Jangan Bertiga di Malam Hari

Jangan Bertiga di Malam Hari

Namaku Tegar, dan cerita ini terjadi saat aku masih duduk di bangku SMP kelas 3, sepuluh tahun lalu. Saat libur panjang, aku dan dua teman—Edi dan Wahyu—memutuskan berkemah di sebuah pondok tua milik Pak Cip, paman dari Edi, yang terletak di lereng hutan Gunung Kembar, Jawa Timur. Pondok itu sudah lama kosong, berdinding kayu, beratap seng berkarat, dan hanya ada satu sumur tua yang airnya berwarna kehijauan.

Dari awal, warga desa di bawah gunung sebenarnya sudah memberi peringatan. Katanya, “Jangan bertiga kalau mau bermalam di situ. Harus genap orangnya.” Tapi kami, anak kota yang sok rasional, hanya tertawa dan menganggap itu mitos kampungan.

Malam pertama kami lalui dengan obrolan dan tawa. Tapi ketika tengah malam tiba, sesuatu berubah.

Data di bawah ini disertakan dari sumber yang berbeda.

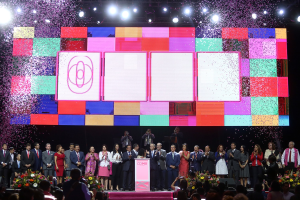 Gruppe von Menschen auf einer Bühne mit einem Podium, Blumensträußen, Kameras und einem großen Bildschirm mit Lichtern für die Eröffnungszeremonie des 2018 China International Film Festivals.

Kami bertiga tidur dalam satu ruangan, berjejer dengan kantong tidur. Sekitar jam 2 dini hari, aku terbangun karena mendengar suara langkah pelan di luar pondok. Awalnya kukira itu Edi yang kebelet buang air. Tapi kulihat, Edi dan Wahyu masih tidur di sampingku. Lalu siapa?

Langkah itu berhenti di depan pintu.

“Tok… tok… tok…”

Suara ketukan lembut, tapi jelas. Aku diam, tak menjawab. Lalu terdengar suara pelan—bukan seperti suara orang dewasa, tapi lebih mirip… anak kecil.

“Bolehkah aku masuk? Aku ketinggalan…”

Seketika bulu kudukku berdiri. Aku mencoba membangunkan Edi dan Wahyu, tapi tubuh mereka kaku, mata mereka terbuka tapi tidak sadar. Seperti patung hidup.

Tiba-tiba pintu terbuka sedikit, dan aku melihatnya: sosok anak kecil, sekitar lima tahun, kulitnya pucat seperti kertas, rambutnya tipis dan kusut, matanya kosong.

“Aku orang keempat… kalian perlu satu lagi… biar genap…”

Aku berteriak sekuat tenaga, dan entah bagaimana, suara itu membangunkan dua temanku. Mereka langsung melihat ke arah pintu—tapi sosok itu sudah menghilang. Yang tertinggal hanya jejak kaki basah dari luar ke dalam.

Kami langsung berkemas dan kabur dari pondok itu tanpa banyak bicara.

Beberapa hari kemudian, kami kembali ke desa untuk mengembalikan kunci pondok ke Pak Cip. Dia memandang kami lama, lalu berkata, “Dulu, pondok itu pernah dipakai sekelompok remaja juga. Bertiga. Salah satunya mati jatuh ke sumur malam hari. Kata warga, sampai sekarang, dia masih mencari ‘rombongan’ agar bisa pergi dengan tenang.”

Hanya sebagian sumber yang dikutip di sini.